DS 6030 | Spring 2026 | University of Virginia
Homework #7: Prediction Intervals and Base Rate Correction
Problem 1: Unbalanced Data
A researcher is trying to build a predictive model for distinguishing between real and AI generated images. She collected a random sample (\(n=10,000\)) of tweets/posts that included images. Expert analysts were hired to label the images as real or AI generated. They determined that 1000 were AI generated and 9000 were real.
She tasked her grad student with building a binary risk model (e.g., logistic regression, boosted trees) to predict the probability that a new image is AI generated. After reading on the internet, the grad student became concerned that the data was unbalanced and fit the model using a weighted log-loss \[ -\sum_{i=1}^n w_i \left[ y_i \log \hat{p}(x_i) + (1-y_i) \log (1-\hat{p}(x_i)) \right] \] where \(y_i = 1\) if AI generated (\(y_i=0\) if real) and \(w_i = 1\) if \(y_i = 1\) (AI) and \(w_i = 1/9\) if \(y_i = 0\) (real). This makes \(\sum_i w_iy_i = \sum_i w_i(1-y_i) = 1000\). That is the total weight of the AI images equals the total weight of the real images. Note: A similar alternative is to downsample the real images; that is, build a model with 1000 AI and a random sample of 1000 real images. The grad student fits the model using the weights and is able to make predictions \(\hat{p}(x)\).
While the grad student is busy implementing this model, the researcher grabbed another 1000 random tweets/posts with images and had the experts again label them real or AI. Excitedly, the grad student makes predictions on the test data. However, the model doesn’t seem to be working well on these new test images. While the AUC appears good, the log-loss and brier scores are really bad.
Hint: By using the weights (or undersampling), the grad student is modifying the base rate (prior class probability).
a. What is going on?
How can the AUC be strong while the log-loss and brier scores aren’t?
b. What is the remedy?
Specifically, how should the grad student mathematically adjust the predictions for the new test images? Use equations and show your work. Hints: the model is outputting \(\hat{p}(x) = \widehat{\Pr}(Y=1|X=x)\).
c. Base rate correction
If the grad student’s weighted model predicts an image is AI generated with \(\hat{p}(x) = .80\), what is the updated prediction under the assumption that the true proportion of AI is 1/10.
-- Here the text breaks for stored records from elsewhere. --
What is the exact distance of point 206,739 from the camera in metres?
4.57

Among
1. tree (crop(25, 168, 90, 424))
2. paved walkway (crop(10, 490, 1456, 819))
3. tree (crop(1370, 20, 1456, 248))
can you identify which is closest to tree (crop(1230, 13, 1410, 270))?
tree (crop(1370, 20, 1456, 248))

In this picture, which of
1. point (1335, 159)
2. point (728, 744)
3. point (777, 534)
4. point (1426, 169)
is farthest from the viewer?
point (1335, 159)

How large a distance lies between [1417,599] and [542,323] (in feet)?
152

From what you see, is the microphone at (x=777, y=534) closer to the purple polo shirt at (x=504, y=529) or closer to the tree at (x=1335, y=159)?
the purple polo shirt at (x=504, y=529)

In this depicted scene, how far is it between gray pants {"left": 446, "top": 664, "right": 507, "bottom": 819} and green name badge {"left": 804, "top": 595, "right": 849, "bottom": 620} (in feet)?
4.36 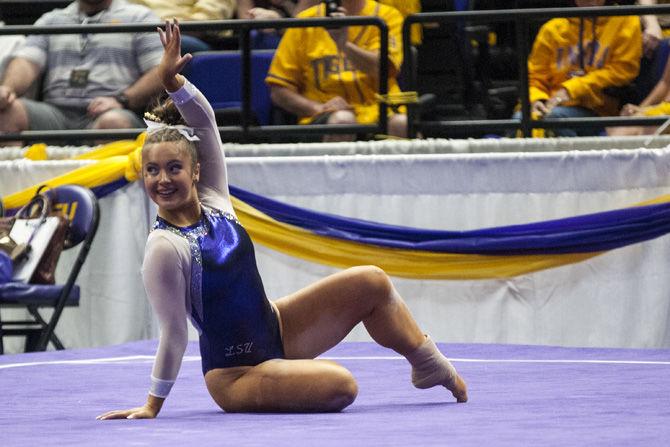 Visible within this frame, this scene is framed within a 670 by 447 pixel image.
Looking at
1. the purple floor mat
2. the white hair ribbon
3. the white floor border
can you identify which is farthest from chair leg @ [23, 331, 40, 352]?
the white hair ribbon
d. Implement the correction
The grad student’s weighted model predictions on the test data are available at hw7_test.csv (with columns label and p_hat). Apply your correction from part (b) assuming the true proportion of AI images is 1/10.
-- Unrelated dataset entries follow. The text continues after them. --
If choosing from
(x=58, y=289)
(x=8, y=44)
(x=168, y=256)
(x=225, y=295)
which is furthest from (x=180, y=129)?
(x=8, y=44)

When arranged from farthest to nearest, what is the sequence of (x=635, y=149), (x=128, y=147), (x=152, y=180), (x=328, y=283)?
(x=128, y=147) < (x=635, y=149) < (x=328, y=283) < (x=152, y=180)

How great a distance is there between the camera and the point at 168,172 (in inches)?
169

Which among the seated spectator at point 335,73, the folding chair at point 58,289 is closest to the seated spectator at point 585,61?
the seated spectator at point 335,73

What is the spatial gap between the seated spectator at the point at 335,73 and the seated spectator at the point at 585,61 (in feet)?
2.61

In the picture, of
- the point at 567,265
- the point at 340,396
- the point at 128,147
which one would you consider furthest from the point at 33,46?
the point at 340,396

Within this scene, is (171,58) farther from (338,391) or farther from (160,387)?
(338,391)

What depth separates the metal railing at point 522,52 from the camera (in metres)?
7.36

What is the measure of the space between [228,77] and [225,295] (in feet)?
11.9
- Compute the corrected predictions.
- Calculate the AUC, log-loss, and Brier score before and after correction.
- Comment on the results.
e. Conclusions
Was the grad student right to be concerned about class imbalance? Why or why not?
Problem 2: More housing prices
This problem uses the realestate-train and realestate-test (click on links for data) from Homework 3
The goal of this contest is to predict sale price (in thousands) (price column), along with an 80% prediction interval for each house in the test set.
a. Load the data
b. Median regression
Fit a quantile regression model for the conditional median of sale price.
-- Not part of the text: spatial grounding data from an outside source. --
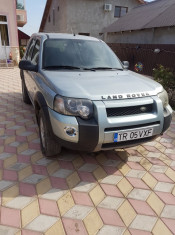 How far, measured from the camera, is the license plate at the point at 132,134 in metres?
2.28

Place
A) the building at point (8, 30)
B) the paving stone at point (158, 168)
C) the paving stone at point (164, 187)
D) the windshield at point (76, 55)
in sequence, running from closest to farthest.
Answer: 1. the paving stone at point (164, 187)
2. the paving stone at point (158, 168)
3. the windshield at point (76, 55)
4. the building at point (8, 30)

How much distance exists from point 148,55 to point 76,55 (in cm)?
957

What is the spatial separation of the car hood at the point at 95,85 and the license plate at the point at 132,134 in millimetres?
458

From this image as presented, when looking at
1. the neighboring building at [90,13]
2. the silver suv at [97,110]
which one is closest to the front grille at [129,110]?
the silver suv at [97,110]

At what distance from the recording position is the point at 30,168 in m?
2.74

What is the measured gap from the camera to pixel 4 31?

Use your fitted model to generate a predicted median sale price for every observation in the test set.
c. Prediction Intervals
Fit the necessary quantile regression models to construct an 80% prediction interval for the sale price. Generate the 80% prediction intervals for each observation in the test set.
d. Submission
Submit a .csv file names
lastname_firstname.csv(comma separated, no extra spaces) containing your predictions.The file must include three columns named
median,lower, andupper, with one prediction per row in the same order as the test data.Submissions will be evaluated using an automated grader. Files that do not follow the required format exactly may not be graded and will lose up to 1 point.
Your predictions will be evaluated using two criteria:
- mean absolute error (MAE) of the predicted median
- empirical coverage of the prediction intervals